Dato che da quelle parti le temperature minime in inverno possono toccare i venticinque gradi sottozero, mi è sembrato il caso di aspettare la fine della stagione più fredda.

La città mi ha accolto con una pioggia finissima che poi a sera è rimasta in sospensione formando un sottile strato di foschia. Due passi all’imbrunire lungo la Daugava, il fiume che le scorre dentro, sono quindi stati avvolti da un leggero velo di mistero che ha conferito al cammino quella sensazione ancestrale fatta di curiosità e timore mescolati fra loro. C’è un piccolo marina ma una sola barca a vela all’ormeggio; l’aria è quella del porto dismesso, forse per manutenzione, forse per questioni di sicurezza legate alle tensioni con la vicina Russia. Poco più a monte sono ormeggiate tre navi militari con le insegne NATO e le bandiere rispettivamente francese, tedesca e spagnola.

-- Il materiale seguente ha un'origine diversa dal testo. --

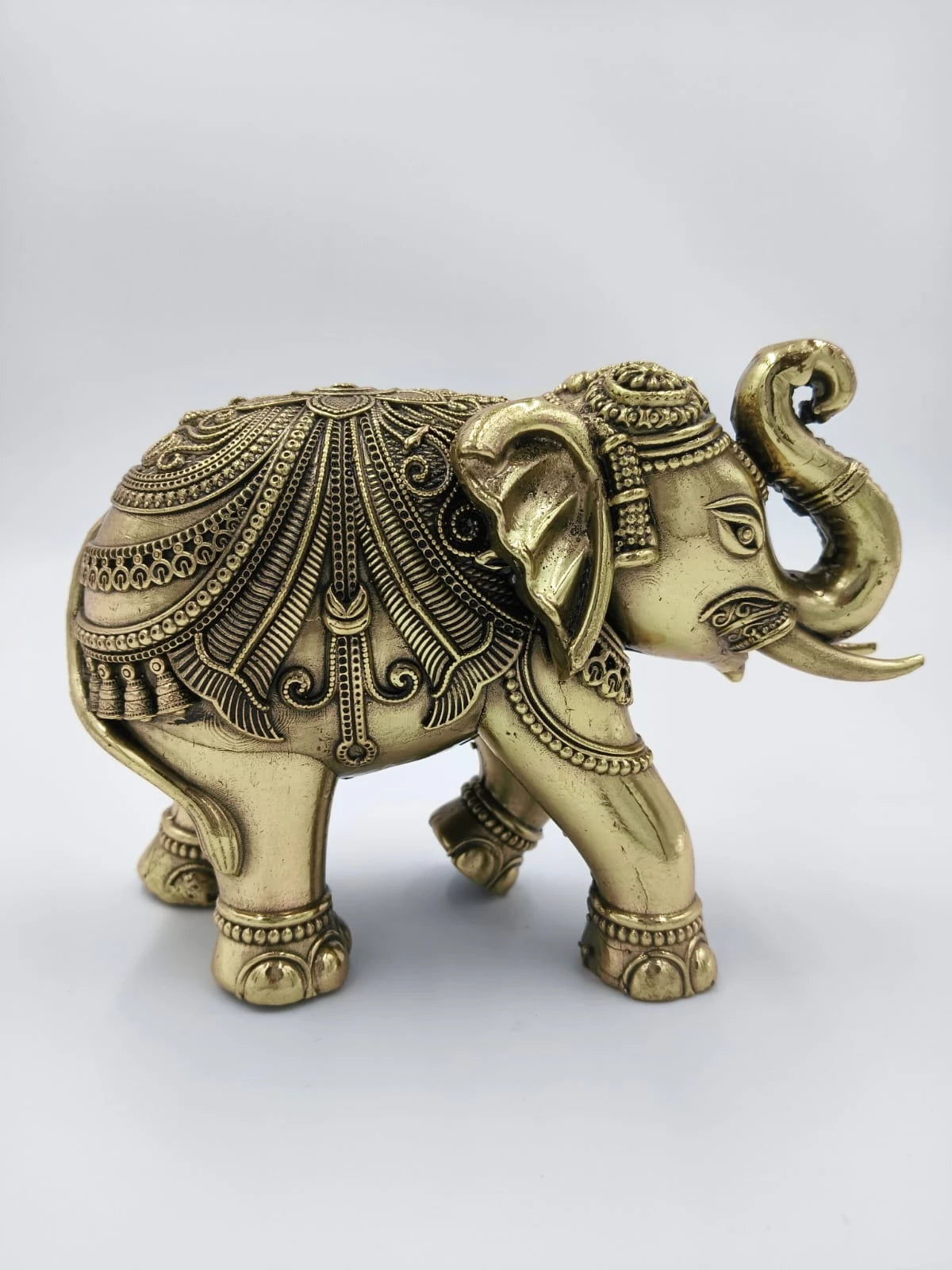 Small brass elephant figurine with detailed ornamental carvings side view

Ho affittato un piccolo appartamento nel quartiere subito a nord della città vecchia e che costituisce uno degli obiettivi del viaggio. Edificato nei primissimi anni del Novecento secondo lo stile in voga allora, l’Art Nouveau (che nell’Europa centro-settentrionale prese il nome di Jugendistil), ha segnato architettonicamente la città in modo profondo proiettandola nella modernità urbanistica.

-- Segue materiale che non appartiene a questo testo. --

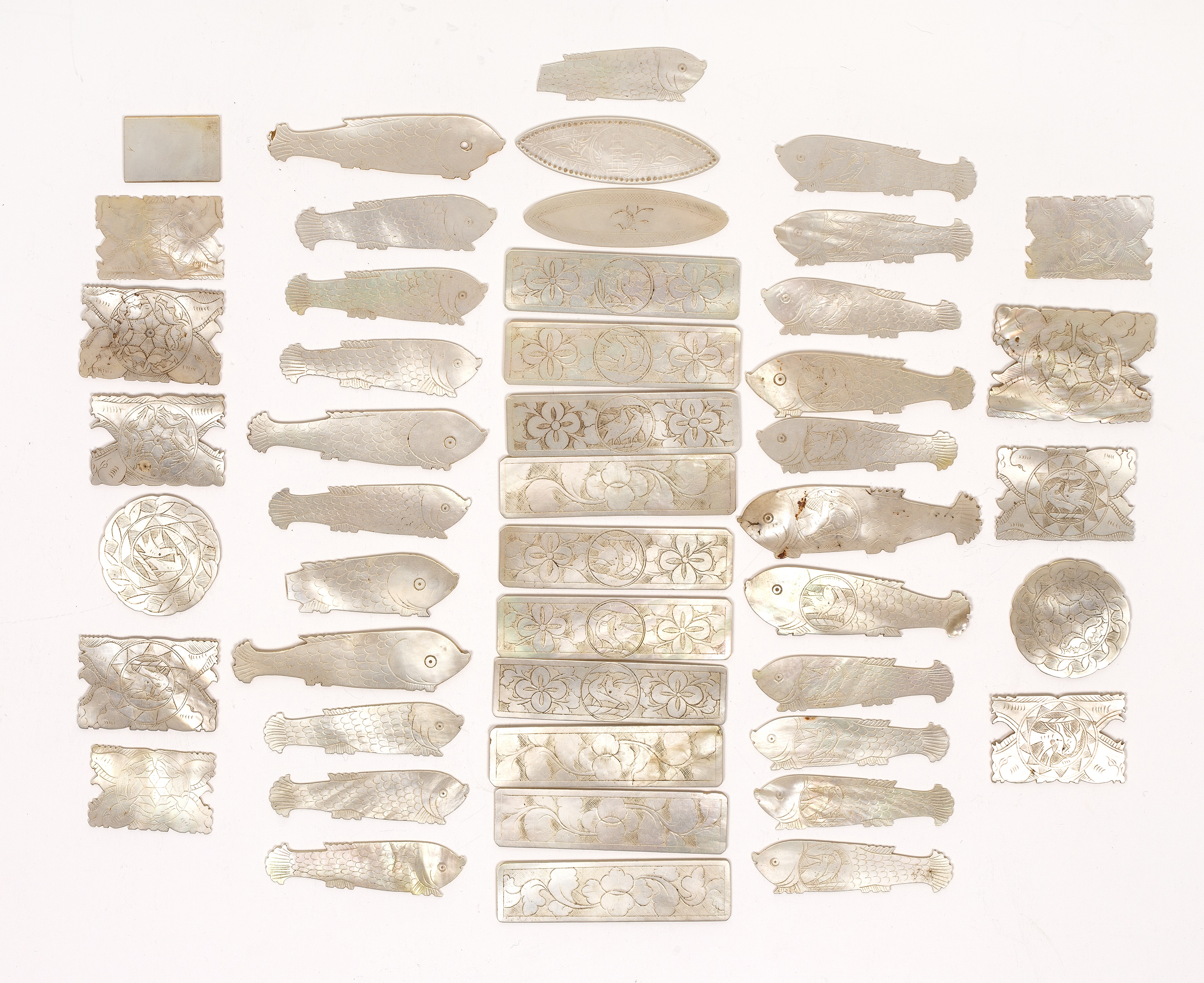 Collection of mother-of-pearl gaming tokens 19th Century, Chinese with engraved decoration of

Si tratta di un esteso agglomerato formato da numerosi edifici le cui facciate sono riccamente decorate con statue e figure mitologiche che li rendono sontuosi e decisamente curiosi. La maggior parte di essi, come ho appreso grazie a Brokken, è stata progettata da Michail Ėjzenštejn, padre di Sergej, il regista de La corazzata Potëmkin, che nacque infatti a Riga e qui ha trascorso i primi anni della sua vita. È un quartiere decisamente elegante che oggi ospita molte ambasciate straniere e che è stato restaurato dopo l’indipendenza della Lettonia dall’URSS, seguita ad anni di abbandono e degrado. Anche il palazzo dove risiedo è stato riportato all’antico splendore grazie a lavori eseguiti davvero con eccellente maestria.

L’altro obiettivo che ho è una fisima da bibliofilo: la libreria fondata nel 1918 da Jānis Rose, un interessante personaggio narrato da Brokken nel primo capitolo del libro. La sua avventurosa storia personale si intreccia con la storia del suo paese, dell’impero zarista e di quello sovietico, passando per la breve parentesi della prima repubblica lettone, iniziata all’indomani della prima guerra mondiale e terminata brutalmente nel 1940 con l’occupazione russa seguita allo scellerato patto Molotov-Von Ribbentrop con cui nazisti e sovietici si spartirono l’Europa. La libreria esiste tuttora ed è miracolosamente sopravvissuta alla censura dei diversi oppressori che si sono avvicendati in Lettonia. Osservo emozionato l’insegna e la vetrina, al lato della quale è posta una targa a ricordo del fondatore, poi entro a curiosare fra gli scaffali, guardato malamente da una commessa definita arcigna anche da Brokken. Devo purtroppo dire che da queste parti molto raramente nei negozi o nei locali pubblici si viene accolti con un sorriso.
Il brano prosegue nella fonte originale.